Work to be completed: Go through the listing below and repeat it exactly, omitting each picture.

The data:
########
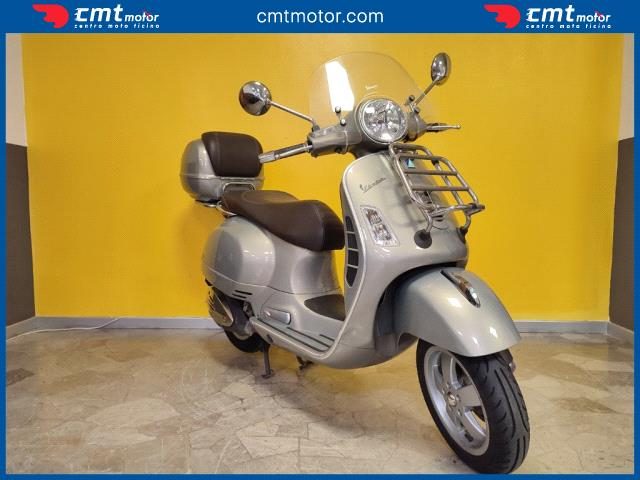 VESPA GTS 300 usata 1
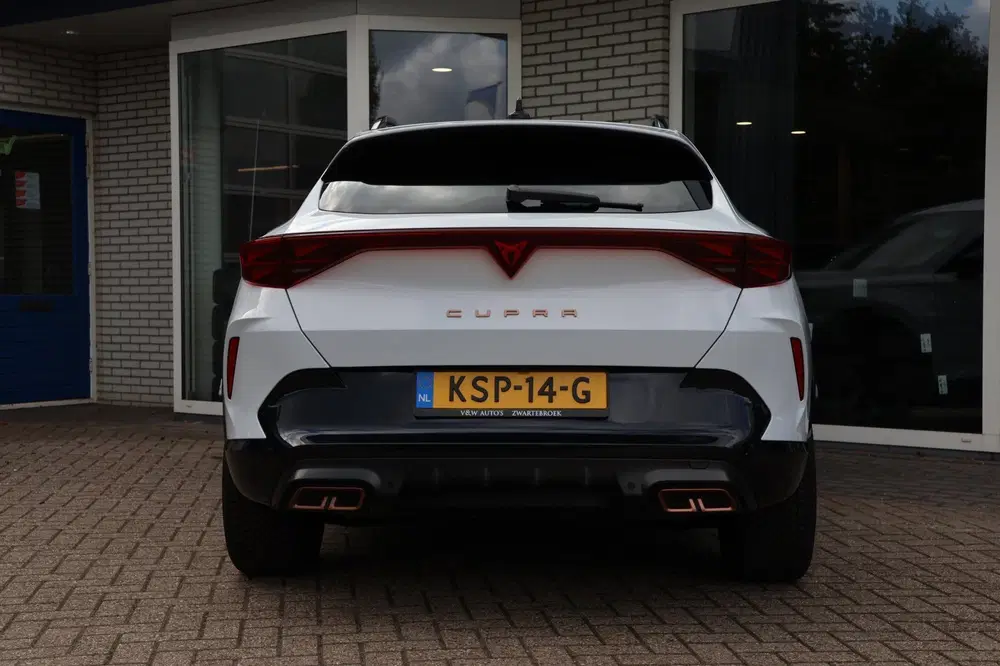 Cupra Formentor 1.5 TSI e-Hybrid SOH 100% Nieuw model 360 uit 2025, foto 15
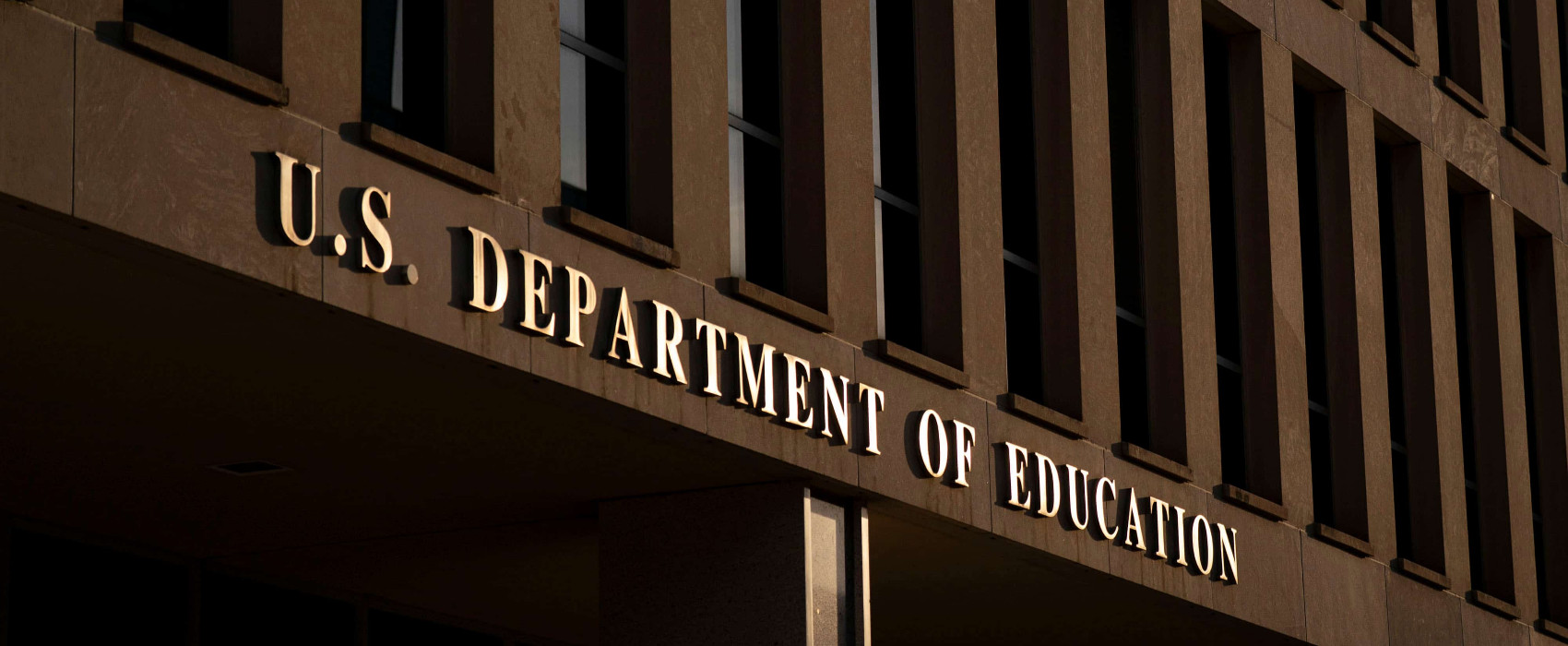 Trump Signs Executive Order to Downsize Department of Education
########
Completed exercise:
 VESPA GTS 300 usata 1
 Cupra Formentor 1.5 TSI e-Hybrid SOH 100% Nieuw model 360 uit 2025, foto 15
 Trump Signs Executive Order to Downsize Department of Education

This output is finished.